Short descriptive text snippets
****
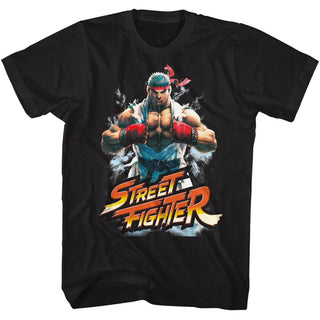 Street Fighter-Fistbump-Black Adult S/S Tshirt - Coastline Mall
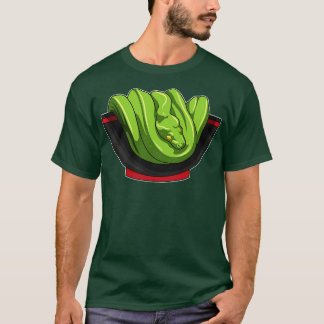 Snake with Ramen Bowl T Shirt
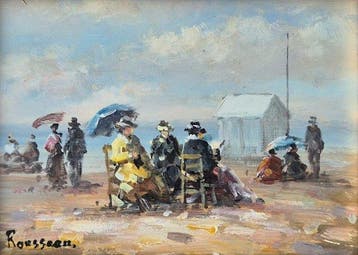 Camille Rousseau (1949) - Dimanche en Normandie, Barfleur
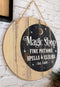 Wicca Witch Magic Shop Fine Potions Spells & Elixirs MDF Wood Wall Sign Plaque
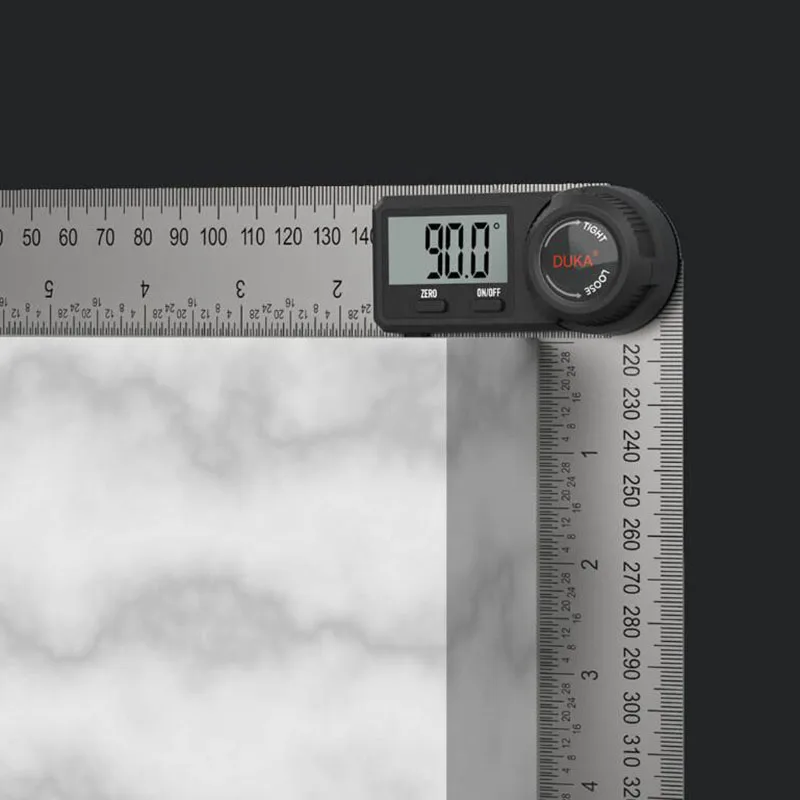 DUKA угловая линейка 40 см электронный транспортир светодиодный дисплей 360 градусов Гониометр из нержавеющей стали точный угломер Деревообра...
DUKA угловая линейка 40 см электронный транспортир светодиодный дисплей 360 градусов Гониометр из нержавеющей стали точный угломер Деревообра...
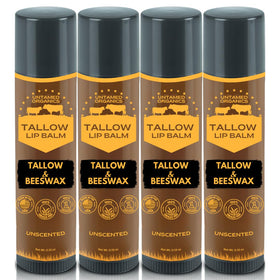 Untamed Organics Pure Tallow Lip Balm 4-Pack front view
****
■ Task directions:
Output all of the records exactly as they appear above, but not the pictures.

■ Task response:
 Street Fighter-Fistbump-Black Adult S/S Tshirt - Coastline Mall
 Snake with Ramen Bowl T Shirt
 Camille Rousseau (1949) - Dimanche en Normandie, Barfleur
 Wicca Witch Magic Shop Fine Potions Spells & Elixirs MDF Wood Wall Sign Plaque
 DUKA угловая линейка 40 см электронный транспортир светодиодный дисплей 360 градусов Гониометр из нержавеющей стали точный угломер Деревообра...
DUKA угловая линейка 40 см электронный транспортир светодиодный дисплей 360 градусов Гониометр из нержавеющей стали точный угломер Деревообра...
 Untamed Organics Pure Tallow Lip Balm 4-Pack front view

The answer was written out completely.